The Logo Factory Archives

An interesting read on registering a trademark and a look back at registering our own.

Seen on the tubes – a very concise article on how to register a trademark. Written by the good folks at Trademark Express, this is sorta the article that I’d like to think I’d write if I ever got around to doing so.

Registering The Logo Factory trademark.

Reminds me of the time that we got around to registering our trademark back in 2000. Since using The Logo Factory moniker since as early as 1993 (see history here) figured it would be a snap. No such luck. When our legal beagles submitted the paperwork to the feds, the original application was rejected because (in their not-so-humble opinion), we were conflicting with another company (truth to tell, it wasn’t even close, though the basic concept was, to be charitable, similar). Turns out their earliest claimed use was 1997, so in a legal show-down we’d probably have won out and been awarded the ‘Circle-R’ (which is what the entire exercise is about) due to our provable first use. Of couse, any legal show-down involves untold cost, hassle and even though we believed we could have prevailed, there’s always the chance that the courts would rule against us.

Registering The Logo Factory trademark.

In order to avoid all this nonsense, our lawyers approached the other entity with a summation that went thusly –

1) the logo, marks and names aren’t similar enough to worry about confusing anyone,
2) in a legal battle we’d probably win (at least, that was the opinion of our TM team) because of prior usage and
3) such battle was going to be an expensive aggravation for everyone.

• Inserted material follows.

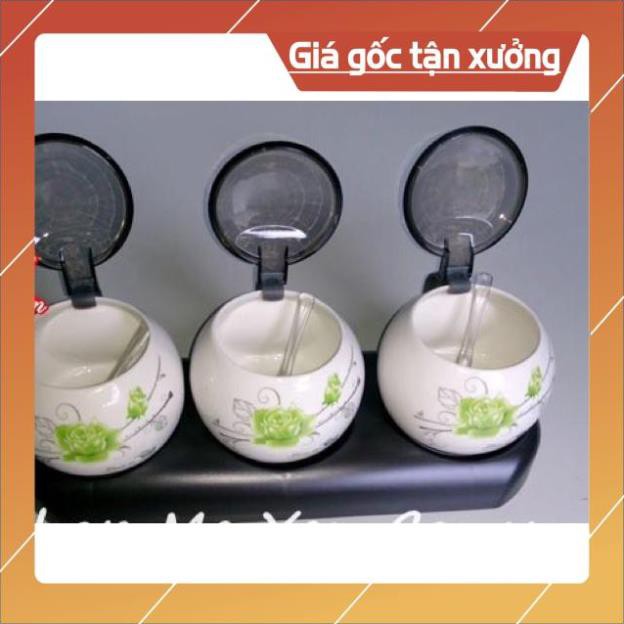 Bộ đựng gia vị bằng sứ xương cao cấp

We offered an alternative – an agreement that stated that we’d agree to coexist peacefully, and not attempt to sue the pants off each other over conflicting marks if The Logo Factory mark was approved. This agreement was signed off, we submitted updated registration papers (with our agreements attached) and the mark was approved as an honest-to-goodness TM. Not sure why more companies don’t take the conciliatory approach before duking it out in front of a judge – less expense, less headache and makes the world a nicer place to boot.